Неожиданно наступила абсолютная тьма, а все силуэты по левую сторону исчезли, правая сторона была залита алым цветом крови только что выколотого глаза. Палач не спешил; он наслаждался каждым моментом агонии жертвы, ибо заметил, что та была в сознании всё это время и чувствовала все его измывания, и дал ей в последний раз распрощаться со своим зрением. После – тьма. Бесконечное ничто, которое было в распоряжении жертвы уже навсегда и которое она могла созерцать взглядом пустых кровавых глазниц, из которых сейчас текли ровные ручейки «кровавых слёз». На душе сразу стало так спокойно; Алиаса больше ничего не волновало, со всеми он распрощался уже давно и также давно подумывал отправиться вслед за ними, но попытка не удалась, и он запер себя на шестьсот лет в кристалле, а когда очнулся, не знал что делать, поэтому и отправился в путешествие. Сейчас этот скот делал ему ту самую услугу, которую ему до сих пор не давала сделать судьба, - он убивал его медленно и жестоко, самое то для расплаты за все свои прегрешения.
- Ха… я погубил столько народу, возмездие так или иначе должно было меня настигнуть, а сейчас настал и мой час расплаты. Жить больше незачем, все цели уже давным-давно обратились в прах, а я всего лишь пережиток своего времени. Так что же мне цепляться за свою никчёмную жизнь? Давай, резани по горлу и я буду свободен. На окровавленном лице выступила робкая улыбка, искажённая ранами, некромант уже не пытался сопротивляться, здесь он получит своё и может увидит снова то время, когда ещё не был некромантом и служил ведьмам. – Оно уже никогда не наступит, но так бы хотелось. Так жалко этих выродков, - из глубин души прозвучал тихий смех, - я ли должен бояться своей собственной смерти, когда иду с ней рука об руку. Ха-ха-ха, не дождётесь, - улыбка на лице стала ещё шире и лишь больше обнажила уродства, нанесённые незнакомцами.

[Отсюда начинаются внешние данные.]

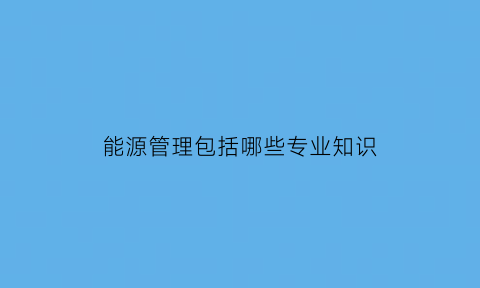 能源管理包括哪些专业知识(能源管理包括哪些专业知识和能力)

Было ясно; некромант не собирается плясать под их дудку и умрёт так и не издав ни звука, но в полном трезвом сознании и с улыбкой на лице.

0

24

- В жизни не подхватывал твой столбняк. Я вообще... не очень на всякие заразы...
Дель серьезна и сосредоточенна. Раз Шакал не хочет надевать перчатки - его дело, но беспокойства, совершенно бабьего, неправильно-колкого тупым концом сквозь ребра, никто не отменял.
Шакал тем временем садиться рядом, важный и гордый, предвкушающий веселье. Ласточка всего лишь втора при умелой приме. Ему она доверила бы пытать кого угодно. Наверное, даже себя... Наверное...
Ему интересна игла, длинная и тупая концами, она величиной с ладонь самой Ирондель, а протыкать ею кожу, что пытаться ложкой порезать селедку, только что вытащенную из пучин.
Но Шакал не умеет унывать.
- За что в первую очередь боятся свидетелей? - он задался этим вопросом и тут же ответил на него: - за способность говорить.
Работа, конечно, будет топорной, но ведь и в простоте есть скрытое изящество. Кровь. Море крови, расходящееся во все стороны потоками, волнами, пенится.
Мяса куски во все стороны - глазу едва заметные мелкие крупинки агонии, боли, страдания.
У колдуньи легко дорожат руки, глаза же вопят о продлении пыток. И больше ей крови, ненасытной и жаждущей боли чужого тщедушного тела,  больше агонии, страха, бессильной злобы и ярости, чтобы она упивалась, пьянела, и пели внутри нее сотни и сотни бесов, победу жестокости над разумом трезвым ее торжествующих.
Шакал терзает иглой чужое лицо, Шакал крошит зубодерным пеликаном чужие резцы, клыки и коренные. Шакал - маэстро, Великий, Ужасный, Прекрасный в умении грянуть симфонию.
И звуки рвущихся тканей, иглой пронзаемых, зубодером дробящихся, ланцетом разодранных, сладко сплетаются в марш, по величественности равный крикам во время торжества по победе.
Он может разрывать на кусочки чужой язык, он может зашивать чужой рот, но Дель тоже не терпится оросить вражеской кровью перчатки тонкой кожи.
Злые языки после будут утверждать, что кожа была человечьей.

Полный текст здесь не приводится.